** Opening Records to use block **

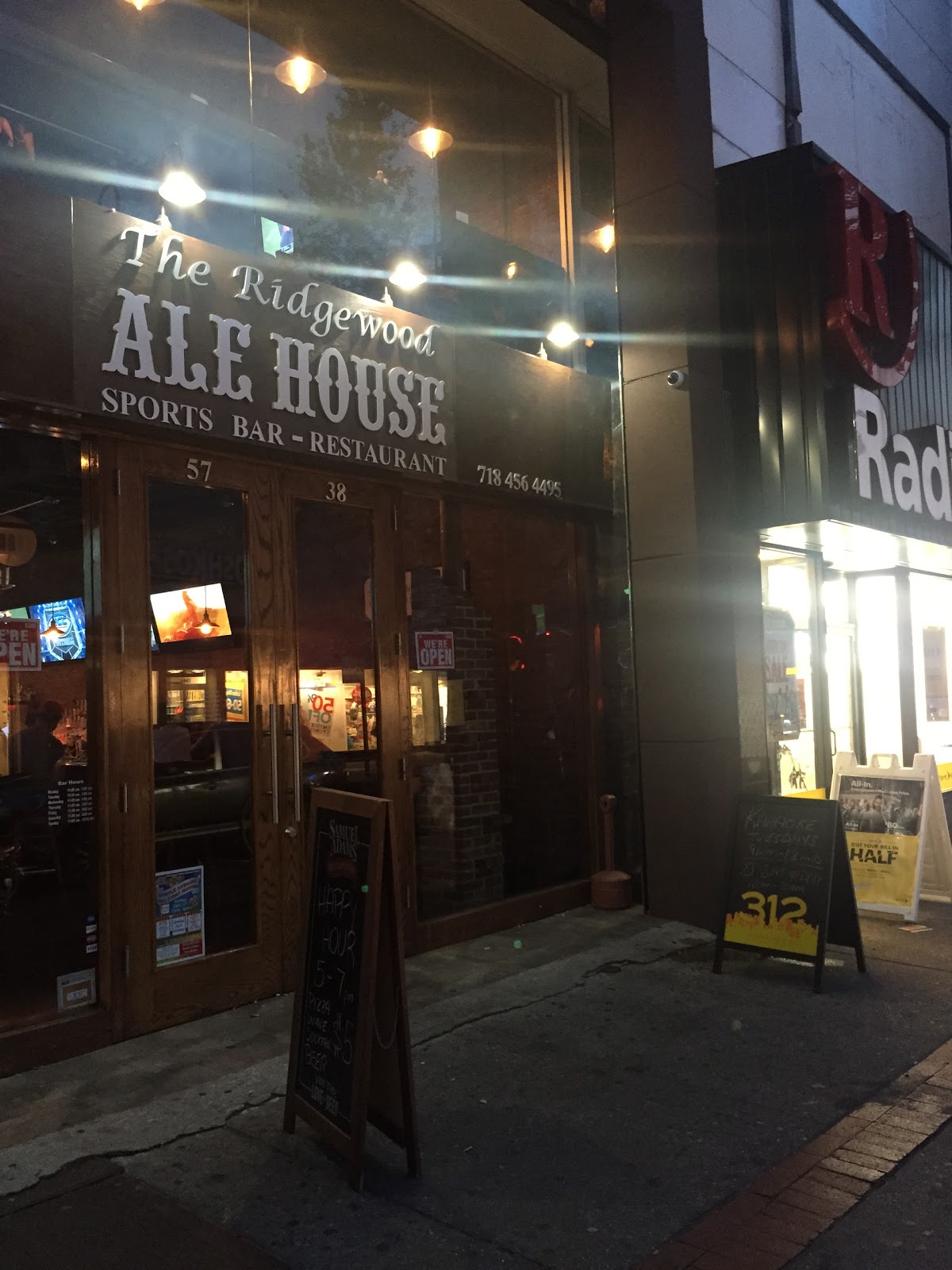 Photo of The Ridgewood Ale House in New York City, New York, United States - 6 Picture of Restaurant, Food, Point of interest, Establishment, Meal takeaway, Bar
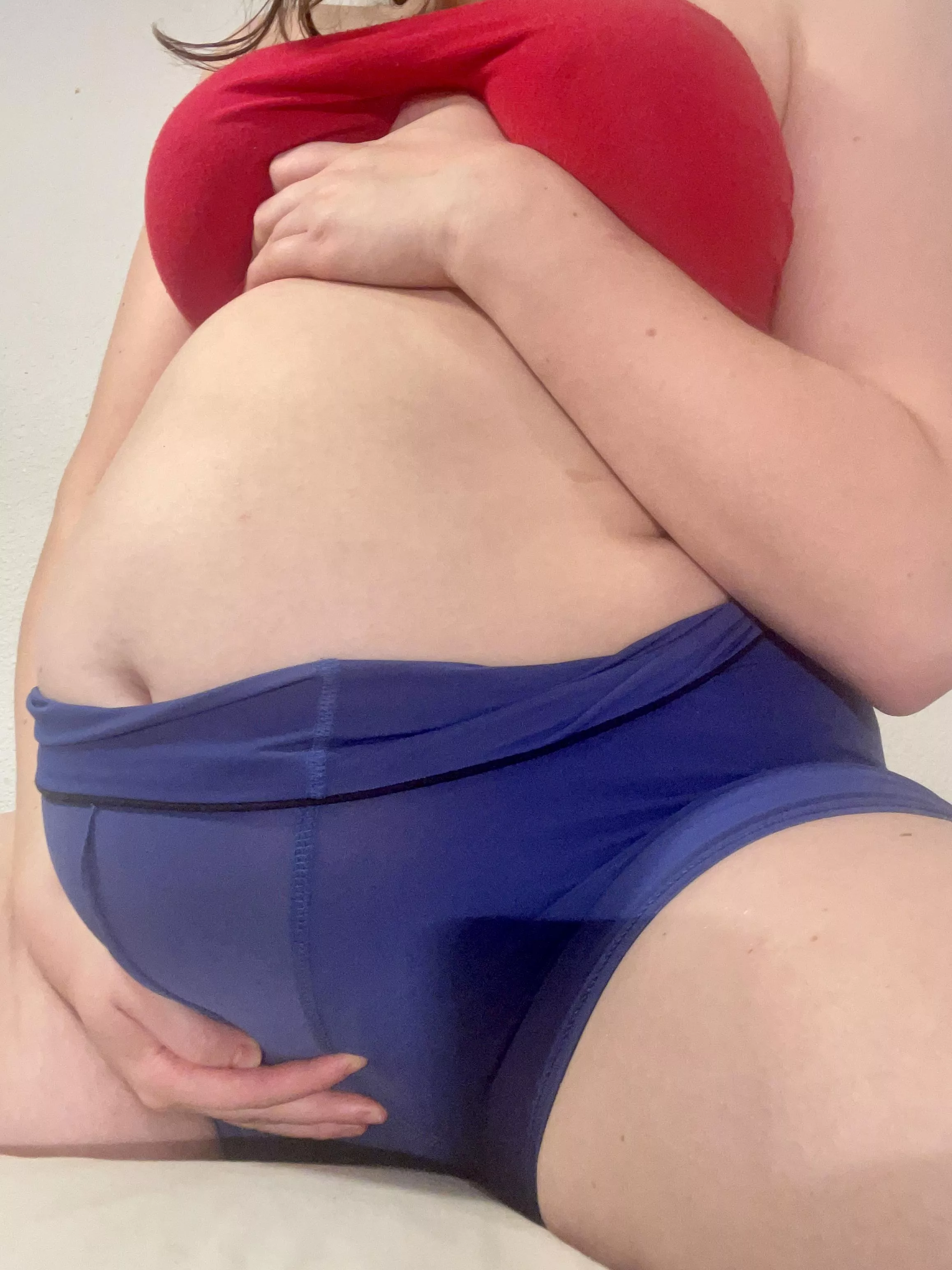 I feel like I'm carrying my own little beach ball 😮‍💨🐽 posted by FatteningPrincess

** Closing Records to use block **
** Opening Records to use block **

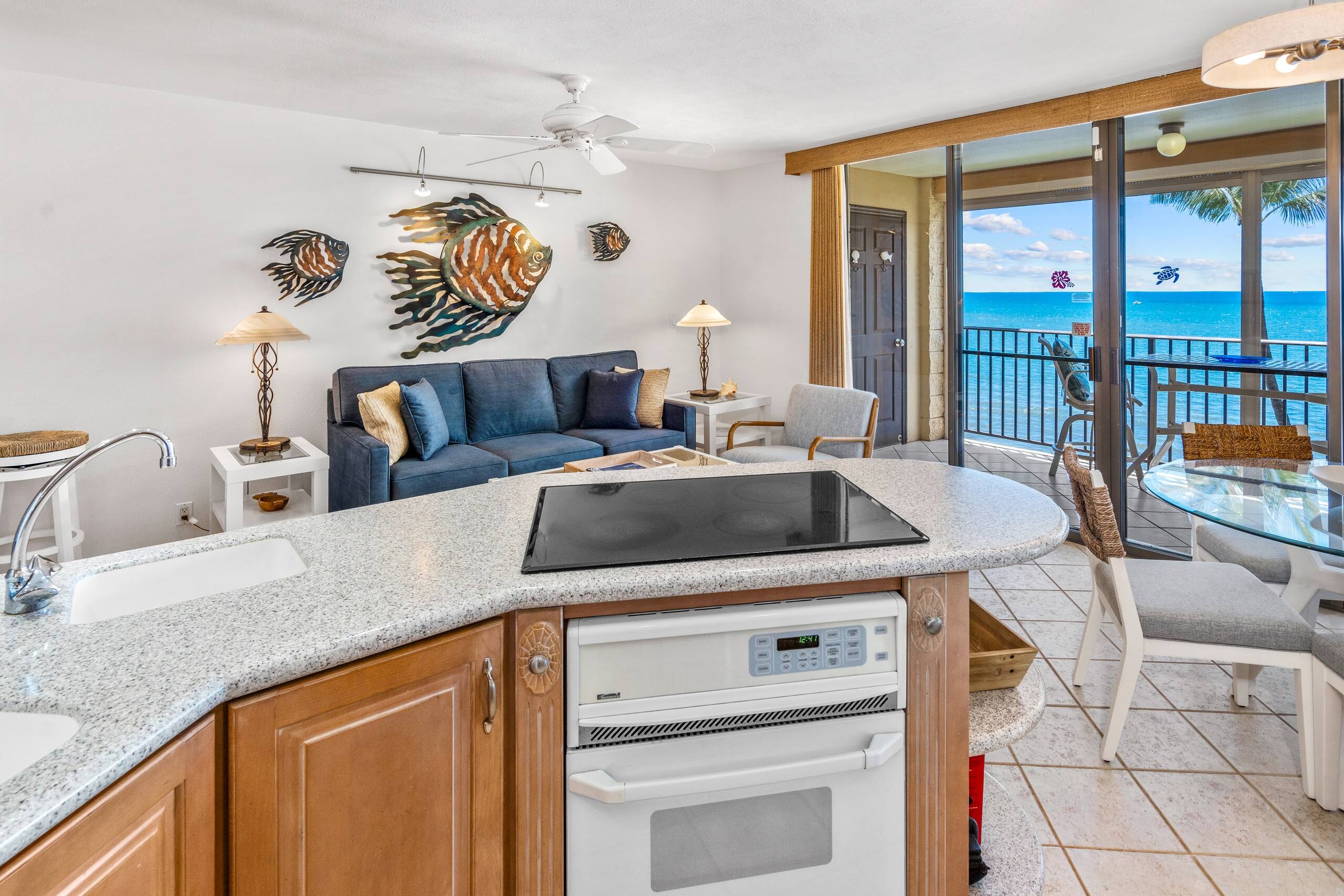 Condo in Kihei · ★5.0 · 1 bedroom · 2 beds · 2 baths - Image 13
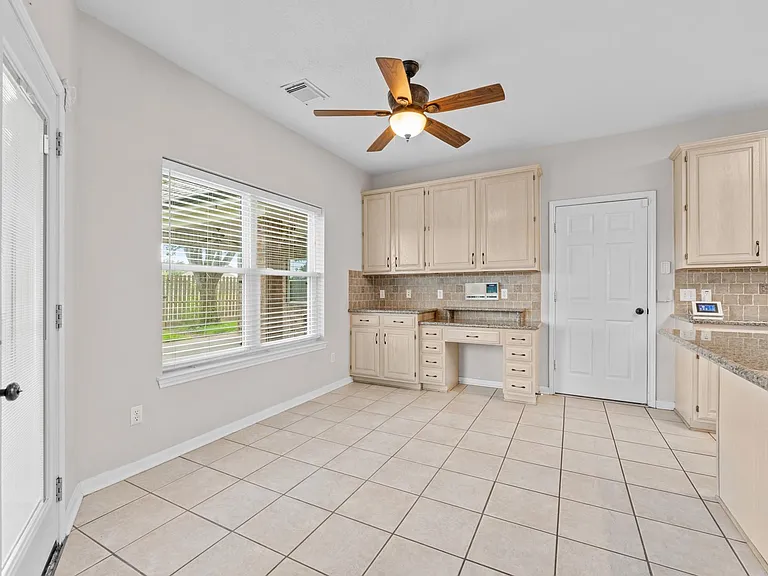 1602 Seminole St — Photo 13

** Closing Records to use block **

Problem requirements => Going by the data above, the answer is exactly the lines from the one holding "Photo of The" to the one holding "I feel like", both kept, with the pictures left out.

Solution to this problem =>
 Photo of The Ridgewood Ale House in New York City, New York, United States - 6 Picture of Restaurant, Food, Point of interest, Establishment, Meal takeaway, Bar
 I feel like I'm carrying my own little beach ball 😮‍💨🐽 posted by FatteningPrincess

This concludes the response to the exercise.